Victoire pour les riverains et associations environnementales opposées depuis des années au projet de contournement Nord de Wavre. Le Conseil d’État a annulé jeudi le permis d’urbanisme délivré en septembre 2019 par le ministre de l’Aménagement du territoire pour la construction de cette route de 3,5 km entre le zoning Nord de Wavre et la N25 à Doiceau. Plusieurs recours avaient été introduits et c’est finalement celui de la plateforme associative, réunissant entre autres Natagora et l’ASBL Les amis du parc de la Dyle, que le Conseil d’État a analysé en premier.

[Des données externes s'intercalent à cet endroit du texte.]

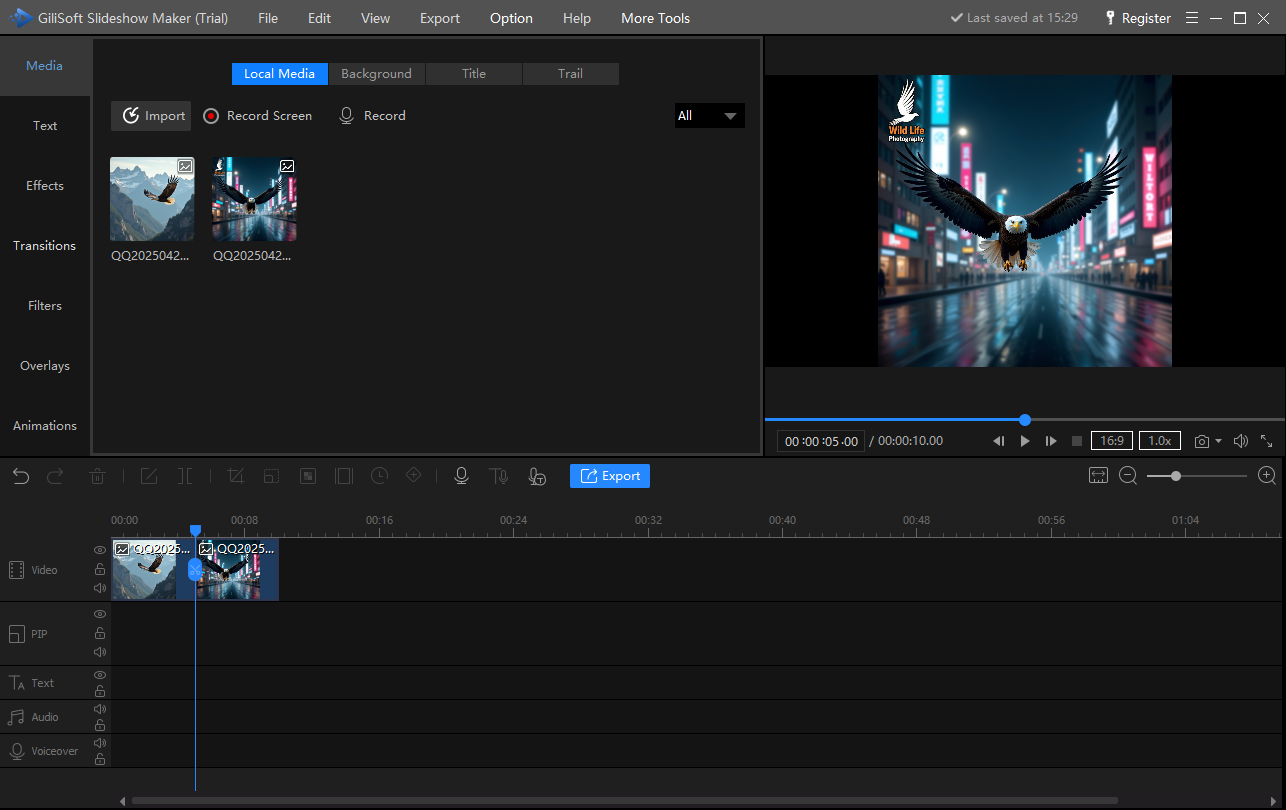 Arrange photos on the slideshow timeline
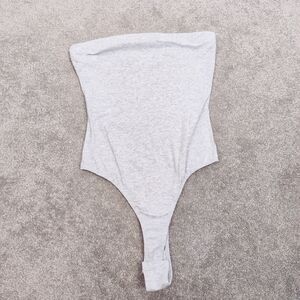 Bozzolo Women's Strapless Bodysuit in Gray Size Small Cotton Y2K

Dans leur recours, les associations critiquaient notamment le fait que l’étude d’incidences sur l’environnement se limitait au périmètre strict du site Natura 2000, alors que plusieurs milieux naturels, dont l’étang de Gastuche et le marais de Laurensart, seraient impactés par le projet. Citant l’auteur de l’étude lui-même, les associations avaient souligné que le projet aurait perturbé la faune bien au-delà du tracé de la voirie, jusqu’à une distance de 500 mètres. Et de pointer également que l’étude ne recensait pas plusieurs espèces animales protégées, que les associations avaient pourtant relevées. Le Conseil d’État a jugé que le permis d’urbanisme ne répondait pas de manière adéquate à ces arguments.

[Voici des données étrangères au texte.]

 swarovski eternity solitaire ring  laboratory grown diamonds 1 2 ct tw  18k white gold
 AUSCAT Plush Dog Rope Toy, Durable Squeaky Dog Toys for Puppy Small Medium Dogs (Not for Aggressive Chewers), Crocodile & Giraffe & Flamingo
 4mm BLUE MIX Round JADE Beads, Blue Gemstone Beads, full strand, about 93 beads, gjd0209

Pour la plateforme associative, cette décision sonne comme une énorme victoire, après tant d’années de combat. "Cela nous conforte dans notre position plus progressiste qui veut éviter de mettre en œuvre des décisions du passé , se félicite Julien Taymans, président de Natagora Brabant wallon. Cela répond aux objectifs de la dernière déclaration de politique régionale, qui prévoit de jeter les contournements aux oubliettes. On espère maintenant que le gouvernement wallon ne va pas s’acharner et qu'il va proposer d’autres options de mobilité plus respectueuses de l'environnement, comme le réaménagement de la sortie d’autoroute."

Julien Taymans estime que le projet routier avait d'autant moins de sens depuis la crise sanitaire. La généralisation du télétravail montrerait déjà, selon lui, des effets bénéfiques sur la mobilité dans le zoning Nord. "Les façons de travailler évoluent et on n’est plus au tout à la voiture. C’est un projet du passé, les premiers plans remontent à la fin des années '60. À l’heure actuelle, avec 10-15 % de télétravail, il n’y a plus aucuns problèmes de circulation. On vit finalement un test grandeur nature qui démontre que des solutions existent."

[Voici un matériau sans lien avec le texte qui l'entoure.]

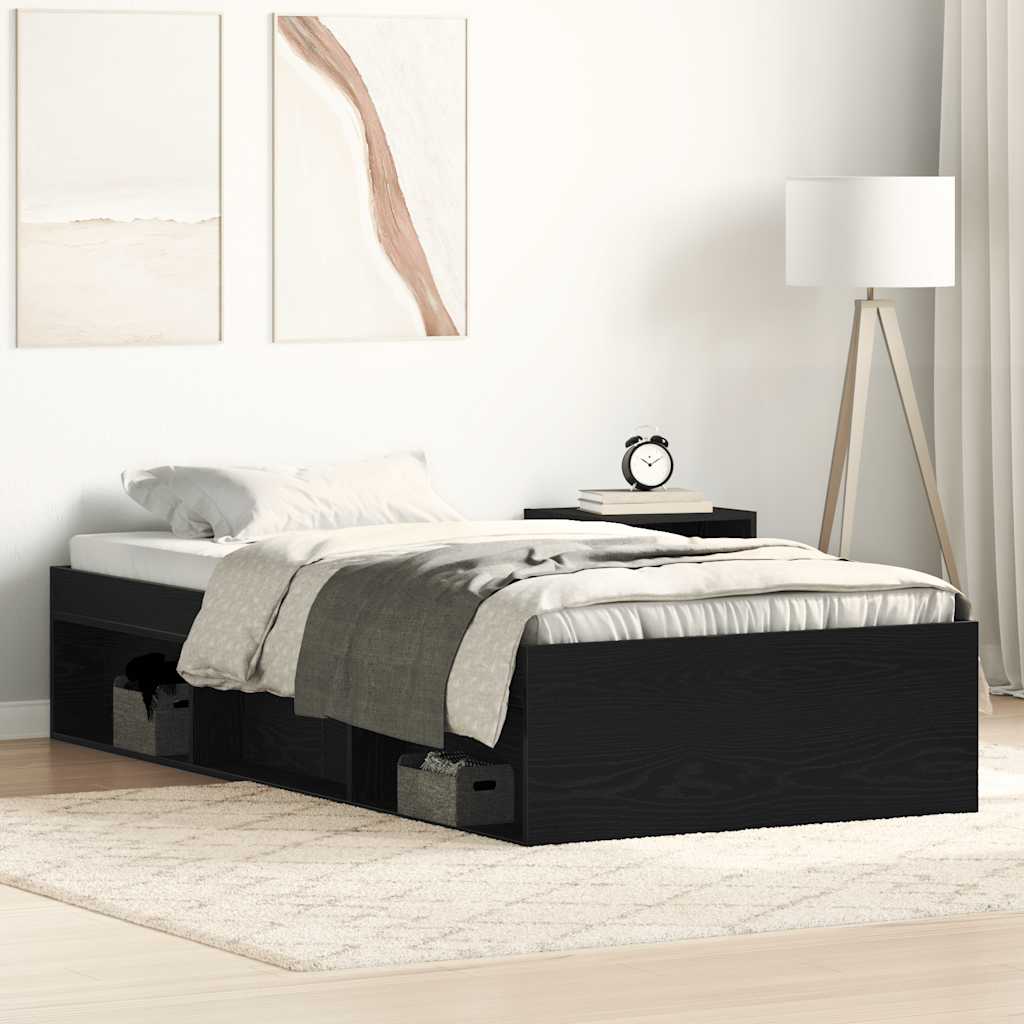 Bedframe zonder matras 90x190 cm spaanplaat zwart eikenkleurig is nu te koop bij PeponiXL, paradijselijk wonen!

"Le travail gigantesque a payé"

Du côté des riverains aussi, l'heure est au soulagement. "C'est extraordinaire, c’est l'aboutissement de 20 ans de combat pour moi, se réjouit Catherine Buhbinder, habitante du quartier du Culot, concerné par le tracé, et membre de la plateforme. J'espère que c'est le signe d'un changement de politique, que l'on s’occupera plus de l’environnement, des gens, au lieu de promouvoir une mobilité excessive. La mobilisation des habitants, des associations et de la population de Wavre, tout ce travail gigantesque et cet enthousiasme populaire ont payé. C’est une victoire collective."

Pour la riveraine, le contournement n'aurait pas amélioré ni apaisé la mobilité à Wavre. "Une nouvelle route appellera toujours les voitures. Le quartier qui souffre de problèmes de mobilité n’aurait pas moins souffert avec cette route. Et puis, cela aurait été un gâchis terrible pour l’environnement et la tranquillité du quartier. On vit au paradis, cette route aurait détruit un patrimoine wavrien."

Quelles suites donnera le gouvernement wallon ?

Maintenant que le contournement ne dispose plus de permis, il reviendra au gouvernement wallon de décider de la suite qu'il veut réserver au dossier. Le ministre wallon de la mobilité, Philippe Henry, a évoqué à plusieurs reprises son souhait de revoir ce projet et de développer un contournement "light" plus adapté aux réalités d'aujourd'hui. Pour rappel, l’objectif initial était de désengorger le centre-ville de Wavre, le zoning Nord et la sortie 5, où les files s'allongent aux heures de pointe. Le coût était estimé à 27 millions d’euros.